Photo Credit: Starz
P-Valley‘s Season 2 introduces Diamond, the Pynk’s former bodyguard as a healing root worker. By doing so, the series exemplifies Black Southerners and their longstanding relationship with the slave folk magic.
In P-Valley’s fictional deep South City of Chucalissa, Black Southern culture is central. From the accents and music to strip club culture, the series has succeeded in providing an accurate portrayal of Southern living. And now, it’s highlighting another facet that is often not depicted in mainstream TV: Black people’s relationship with magic.
Diamond (Tyler Lepley) is a part of the chosen family that makes up the Pynk. Where the first season introduced him as a former military member turned strip club bodyguard (a role that he gave up after the fatal shooting that took place in Season 1), the second season properly introduces him as a root worker and Hoodoo practitioner. In the season’s second episode, “Seven Pounds of Pressure,” he proceeds to heal Mercedes’ shoulder that has given out, by magically removing seven pounds of pressure from the area. To add to the supernatural moment, he then weighs it on a set of scales, declaring that that same amount of pressure is needed to pull the trigger of a gun, leading to the reveal that it was Mercedes who fatally shot Montavius during the Season 1 finale.
Hoodoo, which is also known as root work or conjure, is an African-American tradition. In Hoodoo in America, Zora Neale Hurston — the famed author and anthropologist who studied the practice in the South in the ‘30s — wrote that it evolved from African spirituality and the Christian rituals slaves encountered in America. Though often confused with Voodoo, a West African religion, Hoodoo does not have specific gods or deities practitioners worship. Instead, there is a belief in spirits and life-giving energies.
“For its part, Conjure spoke directly to the slaves’ perceptions of powerlessness and danger by providing alternative — but largely symbolic — means for addressing suffering,” Yvonne Chireau, a Professor of Religion at Swarthmore College, wrote in her book Conjure and Christianity in the Nineteenth Century: Religious Elements in African American Magic. “The Conjuring tradition allowed practitioners to defend themselves from harm, to cure their ailments, and to achieve some conceptual measure of control over personal adversity.”
Diamond’s root work has been happening since Season 1. Katori Hall, P-Valley executive producer, and showrunner recently explained in a Twitter thread that in the first episode of the series, his spiritual background was first presented when he gave Keyshawn (Shannon Thornton) a Carnelian necklace. When he shows her the necklace, he describes it as a “healin’ crystal” that was created from stone that belonged to a friend who died saving his life in Iraq. He also mentions that he’d like to give it to her for “courage and inner strength,” characteristics often associated with Carnelian crystals and stones.
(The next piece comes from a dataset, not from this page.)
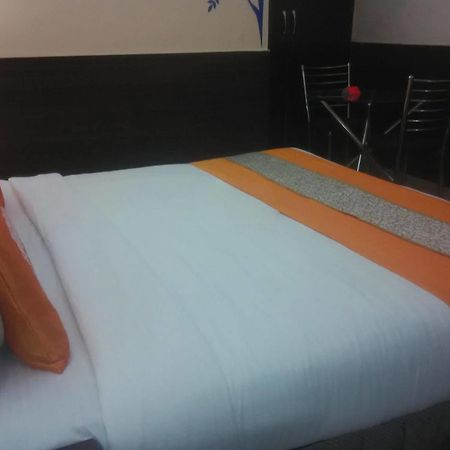 Lazeez Hotel New Delhi Luaran gambar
Fast forward to episode three of Season 1, Diamond offers Keyshawn crushed pepper and alcohol poured on a rag as a remedy for muscle soreness. During this scene, Diamond says this is his grandfather’s remedy, signifying how Hoodoo is passed down lineages through family members. (Hall also mentioned on Twitter that this remedy was taken from lines of Zora Neale Hurston’s Mules and Men.)
With the most recent depiction of Hoodoo in Season 2, viewers are given a glimpse into the supernatural. The moment that occurs between Diamond and Mercedes in “Seven Pounds of Pressure” is somewhat akin to a section of Hurston’s Mules and Men, where she documented that spirits newly released from bodies are “likely to be destructive.” This essentially speaks to what happens in the scene; looking like an exorcism sequence out of a horror movie, Diamond attempts to vanquish Montavius’ spirit from Mercedes’ body, his spirit violently fighting back until Diamond succeeds.
With this latest episode, practicing root work has now become a major part of Diamond’s character, and has added an intriguing layer of complexity to him, too. While many may have felt Diamond was an angry hothead, Hoodoo allows him the space to present a softer and caring side that shows how far he’s willing to go to help those he really cares about.
For a mainstream show, P-Valley is succeeding so far in exploring this type of African spirituality. Historically, Hoodoo has been incorrectly equated to Voodoo, as well as wrongly appropriated. In terms of media representation, it’s often misrepresented, with stereotypical tropes like the “Magical Negro” or a character cursing someone they wish to harm, commonly used in a way that feels forced and inauthentic. All of these not only add to the negative connotation attached to Hoodoo but distort what it actually is, too. P-Valley’s exploration of this through Diamond is refreshing because it isn’t that, with the character’s relationship to the practice done in a way that doesn’t feel out of place.
By acknowledging a tradition that is still a part of Black people’s spiritual experience in the U.S., Hall and the rest of the P-Valley writer’s room are signaling how root work provides a direct link between us and our ancestors. Hopefully, the series will continue to explore these interesting ways through Diamond, and show how this practice is still something Black people rely on for their wellbeing.